NVIDIA Nemotron 3 Nano Omni Can Process 5+ Hours of Video, Audio, and Docs in One Pass

Introducing NVIDIA Nemotron 3 Nano Omni: Long-Context Multimodal Intelligence for Documents, Audio and Video Agents
Image: Hugging Face

The name is a bit misleading. NVIDIA is calling this model "Nano," but it has 30 billion parameters - not exactly small. The naming makes sense once you understand the architecture: it uses a Mixture of Experts (MoE) design, meaning only 3 billion parameters are active on any given computation pass. The rest sit idle until needed for different task types. That's where the efficiency comes from, and why NVIDIA claims 9x higher throughput on multimodal workloads compared to alternatives.

Nemotron 3 Nano Omni launched April 28 as an open-weights model on Hugging Face. It's designed specifically for agent workflows that need to process multiple types of input together: long documents, audio recordings, video files, and GUI screenshots - all within the same context window.

What Sets the Context Window Apart

Most multimodal AI models today handle images alongside text reasonably well. Far fewer can process audio without converting it to text first (transcription), which loses tone, pacing, and non-speech sounds like background noise or music. Nemotron Omni takes audio directly as input - 16kHz audio sampled and processed alongside video frames and text tokens, no transcription step required.

The practical result: a context window spanning over 5 hours of combined multimodal content. Audio training extends to 20 minutes of continuous audio. Documents scale to 100+ pages. For open-weights models specifically, that's a meaningful gap versus what's been available.

The video pipeline includes a technique called Conv3D temporal compression, which fuses consecutive video frames into grouped "tubelets" to cut the number of visual tokens in half - letting the model cover more footage without proportionally blowing up computation.

Benchmark Numbers Worth Examining

The individual benchmark results give a clearer picture than NVIDIA's aggregate throughput claims:

  • OSWorld 47.4 - this benchmark measures whether an AI can operate a computer by reading its screen and taking actions; 47.4 is competitive with models twice the active parameter count
  • Video-MME 72.2 - a standard video understanding benchmark
  • VoiceBench 89.4 - measures voice interaction quality across accents and speaking styles
  • MMLongBench-Doc 57.5 - long document comprehension across tables, charts, and dense text

The document numbers got a notable boost from synthetic training data: NVIDIA generated 11.4 million question-answer pairs (~45 billion tokens) from a PDF corpus using their NeMo Data Designer tool, which improved long-document accuracy by 2.19x over the base model. That data pipeline detail matters - it suggests you don't need to scrape the entire web to get strong domain-specific performance.

Who This Is Built For

NVIDIA isn't positioning this as a chatbot. Every use case in the announcement is agentic: computer use (interpreting GUI layouts and selecting actions), multi-document analysis, transcription of long meetings, and video understanding for recorded tutorials or screen captures.
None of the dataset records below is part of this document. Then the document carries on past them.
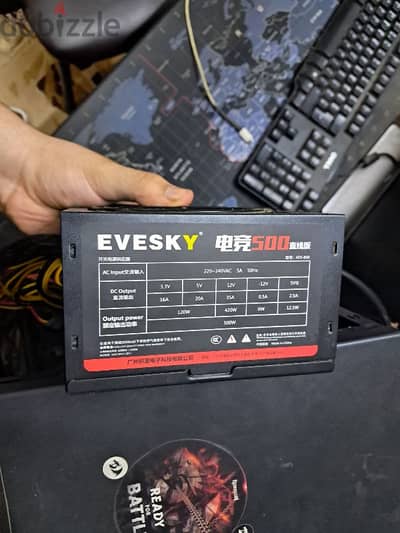 باور سبلاي evesky 500W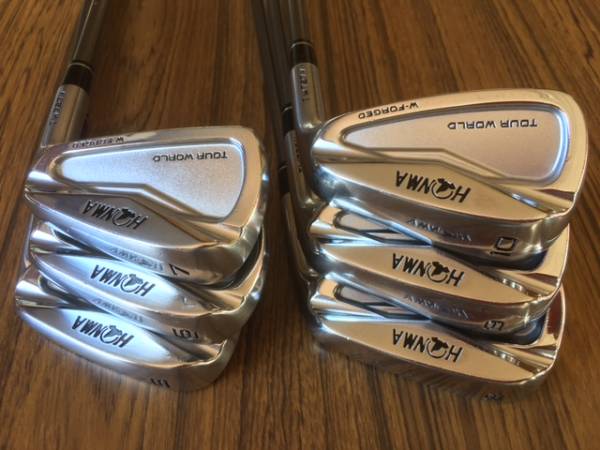 ☆ホンマ ツアーワールド TW727V VIZARD IB105/S 6本 HONMA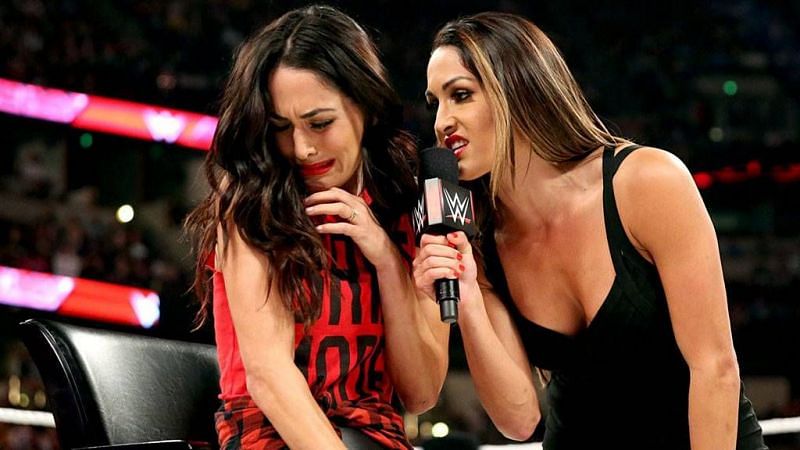 Nikki &amp; Brie Bella, best friends and foes in the ring, best friends and foes in real life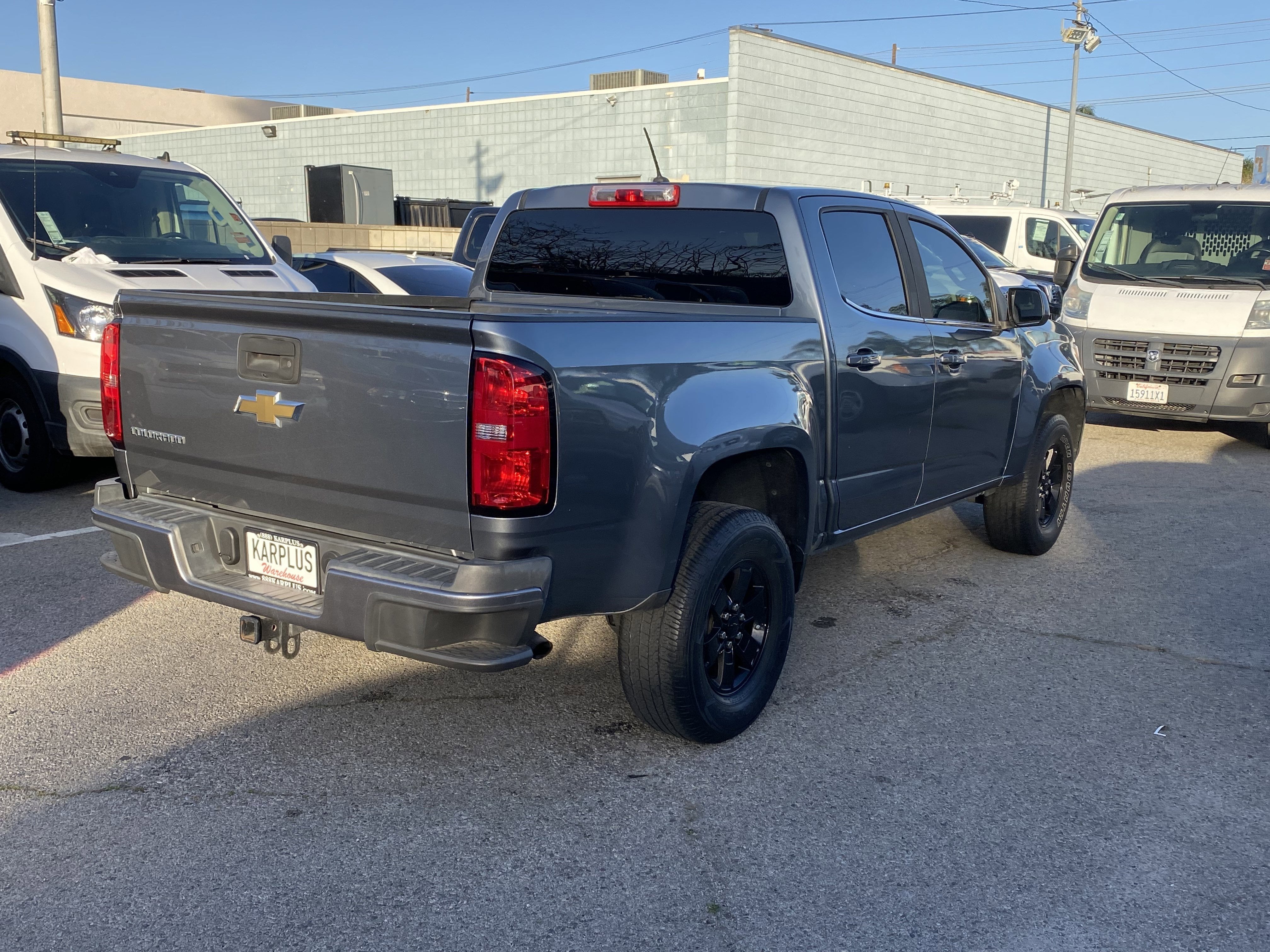 2019 Chevrolet Colorado 2WD Work Truck
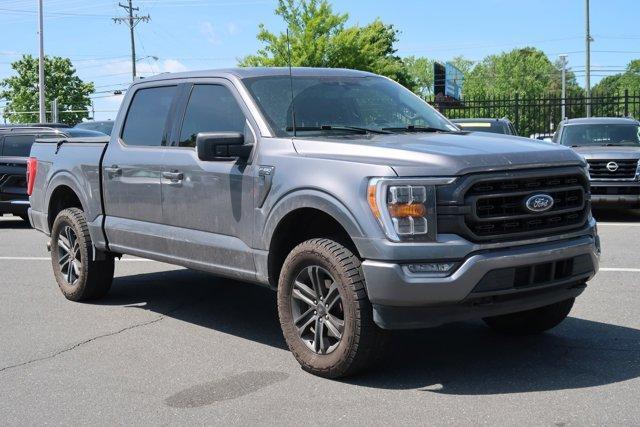 used 2021 Ford F-150 car, priced at $38,466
Three quantization formats ship on day one for different hardware setups - BF16 (full precision), FP8 (reduced precision for faster inference), and NVFP4 (most compressed, lowest memory footprint). All three are available on Hugging Face now.

For teams building pipelines that ingest mixed-media inputs - a recorded sales call alongside its presentation slides, or a product tutorial video paired with documentation - this is one of the few open models that handles that combination without requiring separate specialized models stitched together.

NVIDIA also published the technical report alongside 9 runnable training recipes in their Megatron-Bridge repository, which is unusually thorough for an open-weights release.